Our results suggest gene- and protein-level models whereby stem cells undergo transdifferentiation to osteoblasts, and lay the foundation for mechanistic, hypothesis-driven studies. Our analysis methods are applicable to a wide range of stem cell differentiation models.
Recently, we demonstrated that human mesenchymal stem cells (hMSC) stimulated with dexamethazone undergo gene focusing during osteogenic differentiation (Stem Cells Dev 14(6): 1608–20, 2005). Here, we examine the protein expression profiles of three additional populations of hMSC stimulated to undergo osteogenic differentiation via either contact with pro-osteogenic extracellular matrix (ECM) proteins (collagen I, vitronectin, or laminin-5) or osteogenic media supplements (OS media). Specifically, we annotate these four protein expression profiles, as well as profiles from naïve hMSC and differentiated human osteoblasts (hOST), with known gene ontologies and analyze them as a tensor with modes for the expressed proteins, gene ontologies, and stimulants.

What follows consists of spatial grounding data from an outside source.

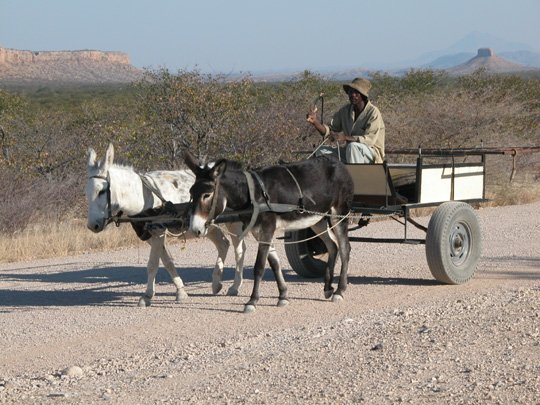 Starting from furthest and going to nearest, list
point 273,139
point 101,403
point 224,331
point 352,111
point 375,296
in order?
1. point 273,139
2. point 352,111
3. point 375,296
4. point 224,331
5. point 101,403

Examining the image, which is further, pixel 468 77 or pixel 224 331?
pixel 468 77

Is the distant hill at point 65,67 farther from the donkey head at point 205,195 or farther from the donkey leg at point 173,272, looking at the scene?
the donkey head at point 205,195

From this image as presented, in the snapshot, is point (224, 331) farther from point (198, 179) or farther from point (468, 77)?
point (468, 77)

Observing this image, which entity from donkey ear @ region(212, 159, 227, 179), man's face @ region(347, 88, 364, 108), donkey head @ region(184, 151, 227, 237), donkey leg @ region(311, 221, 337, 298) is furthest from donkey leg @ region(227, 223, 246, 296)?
man's face @ region(347, 88, 364, 108)

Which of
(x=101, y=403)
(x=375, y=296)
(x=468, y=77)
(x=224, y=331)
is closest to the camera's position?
(x=101, y=403)

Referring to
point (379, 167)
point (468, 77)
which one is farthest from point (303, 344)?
point (468, 77)

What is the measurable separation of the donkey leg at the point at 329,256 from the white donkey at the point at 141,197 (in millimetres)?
871

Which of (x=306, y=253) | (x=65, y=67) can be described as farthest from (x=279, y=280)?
(x=65, y=67)

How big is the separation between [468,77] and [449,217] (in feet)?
73.3

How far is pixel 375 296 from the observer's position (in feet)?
35.6

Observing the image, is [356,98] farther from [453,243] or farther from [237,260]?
[237,260]

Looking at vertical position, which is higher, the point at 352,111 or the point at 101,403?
the point at 352,111

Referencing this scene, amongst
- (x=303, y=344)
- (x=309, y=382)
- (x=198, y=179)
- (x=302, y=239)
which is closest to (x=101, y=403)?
(x=309, y=382)

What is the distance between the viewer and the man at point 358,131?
11289 mm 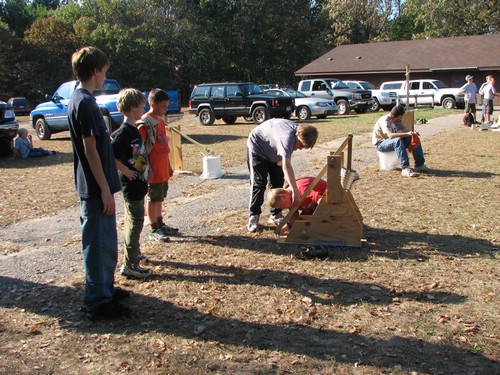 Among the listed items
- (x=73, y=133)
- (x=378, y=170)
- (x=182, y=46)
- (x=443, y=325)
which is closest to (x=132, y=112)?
(x=73, y=133)

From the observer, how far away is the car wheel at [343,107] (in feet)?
86.6

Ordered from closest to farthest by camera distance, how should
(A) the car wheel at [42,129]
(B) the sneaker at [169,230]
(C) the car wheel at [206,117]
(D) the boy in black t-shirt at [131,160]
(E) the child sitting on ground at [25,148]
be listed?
(D) the boy in black t-shirt at [131,160] → (B) the sneaker at [169,230] → (E) the child sitting on ground at [25,148] → (A) the car wheel at [42,129] → (C) the car wheel at [206,117]

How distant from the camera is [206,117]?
878 inches

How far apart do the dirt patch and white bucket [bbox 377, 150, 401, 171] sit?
11.0 ft

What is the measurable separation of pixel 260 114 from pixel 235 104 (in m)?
1.22

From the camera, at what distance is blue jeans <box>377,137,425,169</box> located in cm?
919

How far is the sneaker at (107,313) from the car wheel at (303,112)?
2062 cm

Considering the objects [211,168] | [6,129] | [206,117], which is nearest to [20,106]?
[206,117]

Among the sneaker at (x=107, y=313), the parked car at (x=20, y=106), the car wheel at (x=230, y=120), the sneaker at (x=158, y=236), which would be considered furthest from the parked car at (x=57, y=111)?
the parked car at (x=20, y=106)

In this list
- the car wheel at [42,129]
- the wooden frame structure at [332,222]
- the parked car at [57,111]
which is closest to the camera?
the wooden frame structure at [332,222]

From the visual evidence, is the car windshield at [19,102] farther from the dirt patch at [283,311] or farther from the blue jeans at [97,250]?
the blue jeans at [97,250]

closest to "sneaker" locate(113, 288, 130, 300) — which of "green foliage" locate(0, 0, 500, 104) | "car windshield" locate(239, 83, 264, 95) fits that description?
"car windshield" locate(239, 83, 264, 95)

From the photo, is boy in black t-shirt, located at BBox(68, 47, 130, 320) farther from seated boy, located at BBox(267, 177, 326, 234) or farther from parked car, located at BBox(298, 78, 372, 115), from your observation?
parked car, located at BBox(298, 78, 372, 115)

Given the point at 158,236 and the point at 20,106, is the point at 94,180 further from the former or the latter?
the point at 20,106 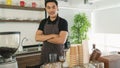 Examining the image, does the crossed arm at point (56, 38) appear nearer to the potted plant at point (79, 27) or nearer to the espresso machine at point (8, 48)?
the espresso machine at point (8, 48)

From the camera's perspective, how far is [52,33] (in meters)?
2.05

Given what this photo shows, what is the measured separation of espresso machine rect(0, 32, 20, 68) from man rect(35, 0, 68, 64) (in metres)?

Direct component analysis in the gene ontology space identifies three components that account for 90% of the variance between hMSC, osteoblasts, and the four stimulated hMSC populations. The directed component maps the differentiation stages of the stimulated stem cell populations along the differentiation axis created by the difference in the expression profiles of hMSC and hOST. Surprisingly, hMSC treated with ECM proteins lie closer to osteoblasts than do hMSC treated with OS media. Additionally, the second component demonstrates that proteomic profiles of collagen I- and vitronectin-stimulated hMSC are distinct from those of OS-stimulated cells. A three-mode tensor analysis reveals additional focus proteins critical for characterizing the phenotypic variations between naïve hMSC, partially differentiated hMSC, and hOST.
The differences between the proteomic profiles of OS-stimulated hMSC and ECM-hMSC characterize different transitional phenotypes en route to becoming osteoblasts. This conclusion is arrived at via a three-mode tensor analysis validated using hMSC plated on laminin-5.